How Is Stack Size of Linux Process Related to Pthread, Fork and Exec

Difference between pthread and fork on gnu/Linux

In C there are some differences however:

fork()

Purpose is to create a new process, which becomes the child process of the caller
Both processes will execute the next instruction following the fork() system call
Two identical copies of the computer's address space,code, and stack are created one for parent and child.

Thinking of the fork as it was a person; Forking causes a clone of your program (process), that is running the code it copied.

pthread_create()

Purpose is to create a new thread in the program which is given the same process of the caller
Threads within the same process can communicate using shared memory. (Be careful!)
The second thread will share data,open files, signal handlers and signal dispositions, current working directory, user and group ID's. The new thread will get its own stack, thread ID, and registers though.

Continuing the analogy; your program (process) grows a second arm when it creates a new thread, connected to the same brain.

C++ : fork/exec or pthread?

When you do fork() all file descriptors of your process are duplicated in the new one. And when you do exec*() all file descriptors are also kept, unless they are marked with the flag FD_CLOEXEC.

My guess is that some fd used by some library (Xlib, probably) is inherited by the new process, and that the duplication is causing chaos in your program.

In these cases is useful the BSD function closefrom() (closefrom(3)) if you want to keep the standard I/O opened. Unfortunately, in linux there is no such function, so you have to do a close-all loop or similar cruft:

int open_max = sysconf (_SC_OPEN_MAX);
for (int i = 3; i < open_max; i++)
    close(i);

You can read more about this problem here.

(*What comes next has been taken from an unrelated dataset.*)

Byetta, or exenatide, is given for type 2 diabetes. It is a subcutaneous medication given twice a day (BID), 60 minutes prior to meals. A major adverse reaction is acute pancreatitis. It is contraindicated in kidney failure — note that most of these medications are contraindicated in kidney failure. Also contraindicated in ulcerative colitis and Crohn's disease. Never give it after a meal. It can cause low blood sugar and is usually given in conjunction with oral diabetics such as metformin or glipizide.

virtual memory consumption of pthreads

You can try using a drop in garbage collecting replacement for malloc(), and see if that solves your problem. If it does, find the leaks and fix them, then get rid of the garbage collector.

Its 'interesting' to chase these kinds of problems on platforms that most heap analyzers and profilers (e.g. valgrind) don't fully (if at all) support.

On another note, given the constraints .. I'm assuming you have decreased the default thread stack size? I think the default is 8M, you probably don't need that much. See pthread_attr_setstacksize() if you haven't adjusted it.

Edit:

You can check the default stack size with pthread_attr_getstacksize(). If it is at 8M, you've already blown your ceiling during thread creation (10 threads, as you mentioned).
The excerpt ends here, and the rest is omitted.